La ricezione della normativa edittale nelle carte longobarde dell’Italia settentrionale. Prospettive e casi di studio
DOI:
https://doi.org/10.6093/1128-5656/9537Parole chiave:
Lombard Laws, Lombard charters, Legal practices, Legal expertise, 8th century ItalyAbstract
Historians have recently and fruitfully resumed work on early medieval laws. As regards the problem of the reception of post-roman normative collections in contemporary legal practice, Italian documentation offers a rich working field that allows for a comparison between the charters and the laws. On the basis of this material, it is possible to evaluate the spread, and primary characteristics, of legal expertise in Lombard Italy. Northern Italic charters show strict bonds with Lombard laws. The effects of the royal edicts can be observed in the procedure of the legal acts and are sometimes recognizable in the wording of the charters as well. These laws are often referred to and, in some cases, openly quoted.
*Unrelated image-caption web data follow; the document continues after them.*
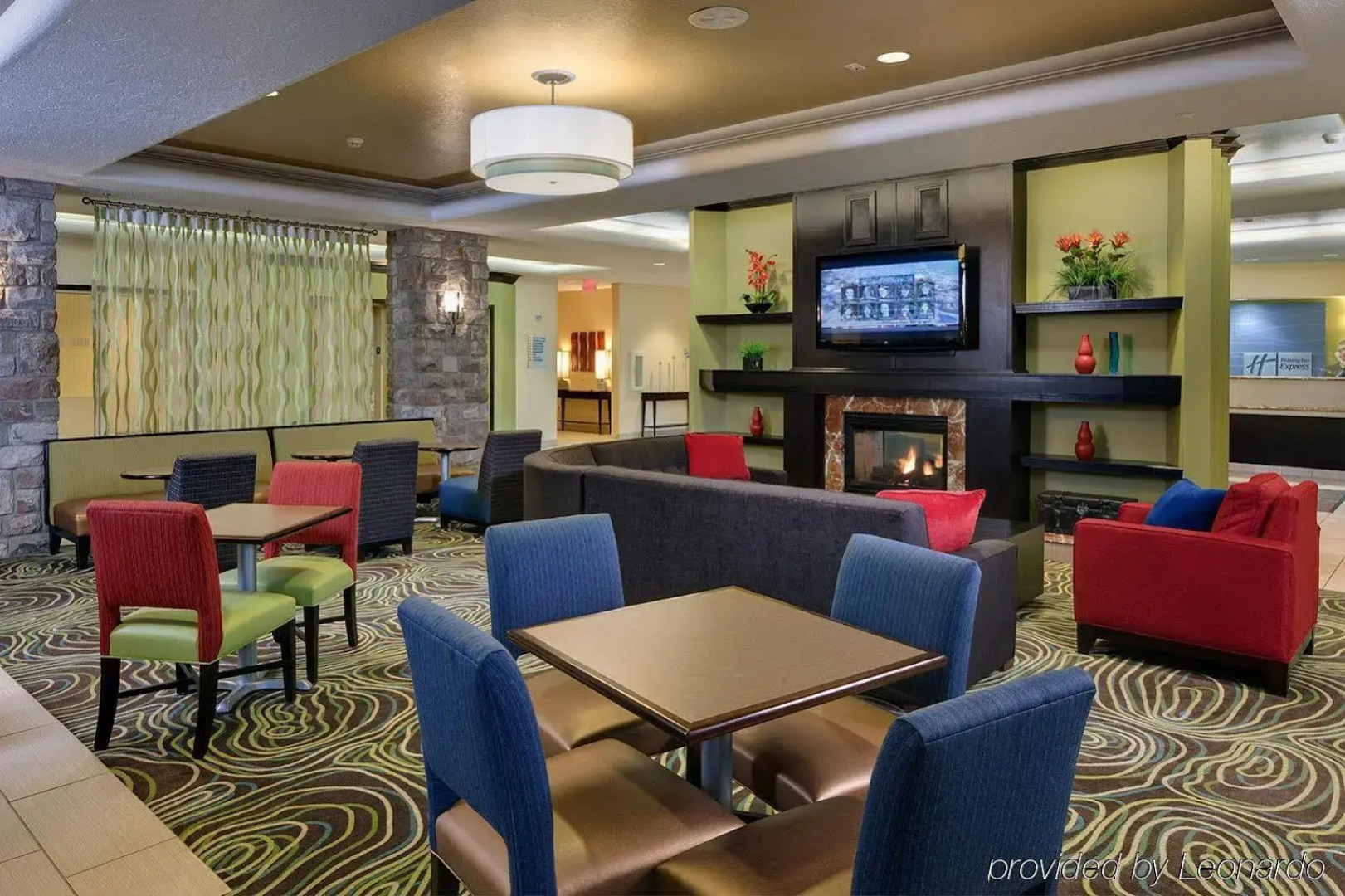Holiday Inn Express Hotel & Suites Saginaw by IHG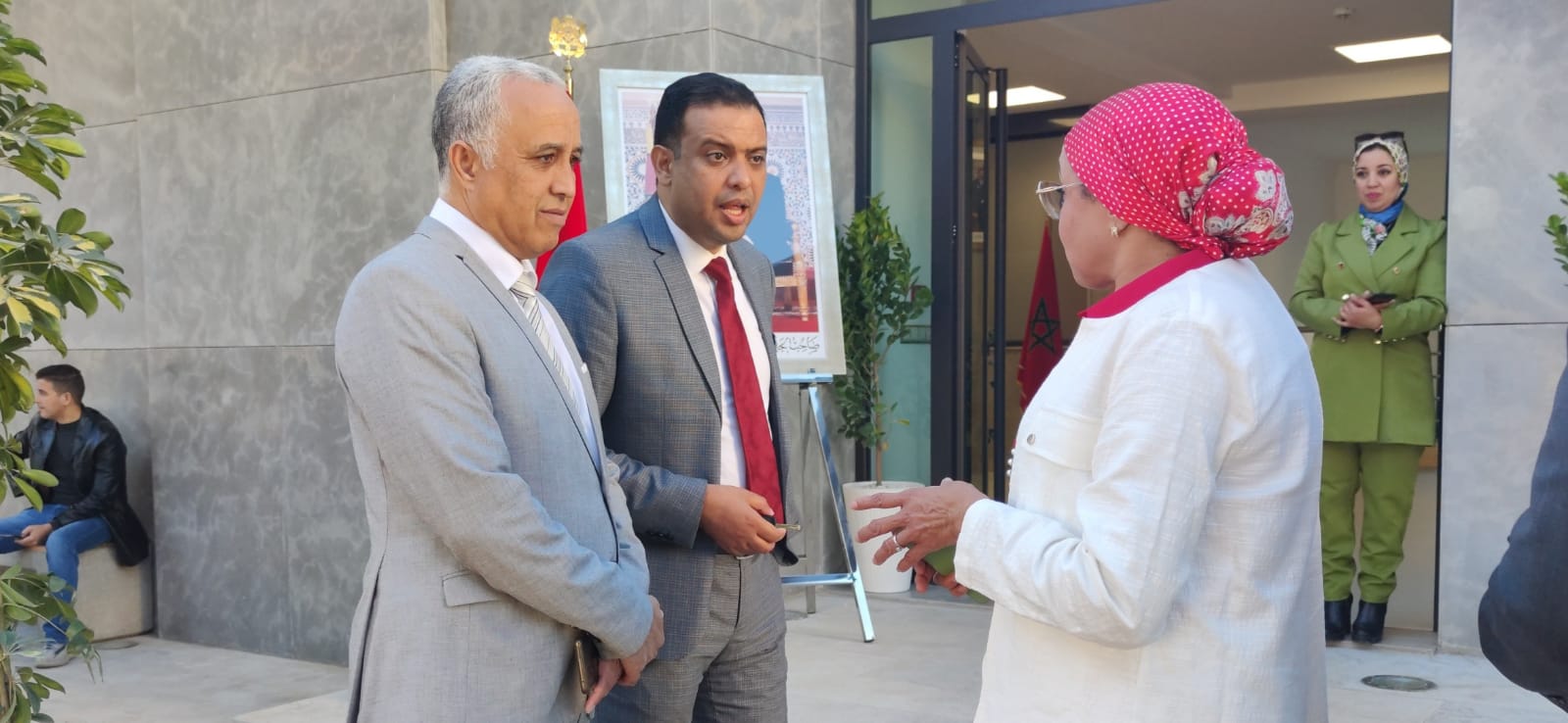 آيت الطالب يعطي انطلاقة خدمات 14 مركزا صحيا حضريا وقرويا ووحدة طبية للقرب بجهة فاس مكناس آيت الطالب يعطي انطلاقة خدمات 14 مركزا صحيا حضريا وقرويا ووحدة طبية للقرب بجهة فاس مكناس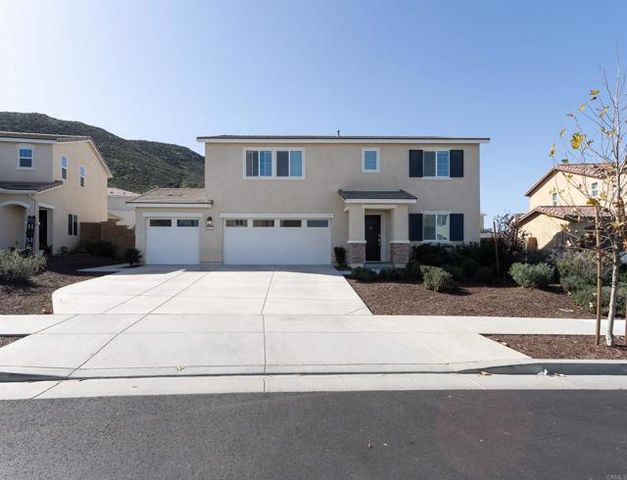 32097 Rambling Court, Winchester, CA 92596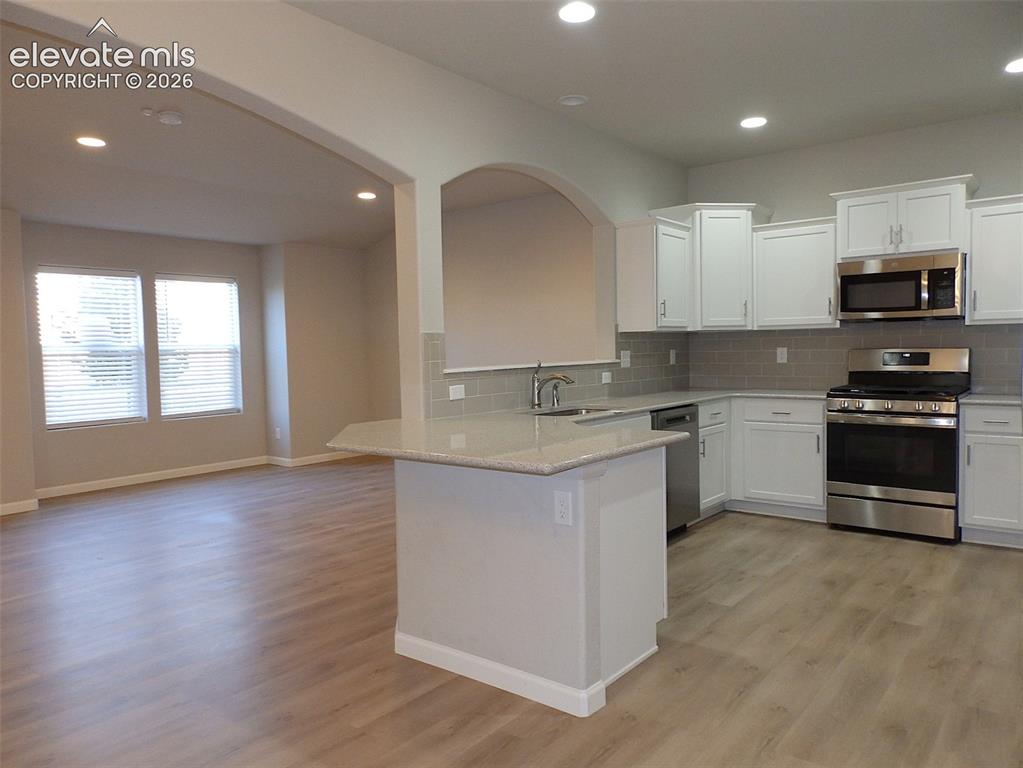 Image 5 of 14: Kitchen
A group of charters involving purchases of women’s mundium and two charters settling disputes regarding usurpations of lands and accompanying violence reveal flexible uses of the laws, which in any case appear to be well known to the authors of the documents. The possibility to deviate from the law was indeed granted by a provision of king Liuthprand (chapter 91 of his laws). On the other hand, two judgment records show the lex scripta at the core of the procedure of the public hearing.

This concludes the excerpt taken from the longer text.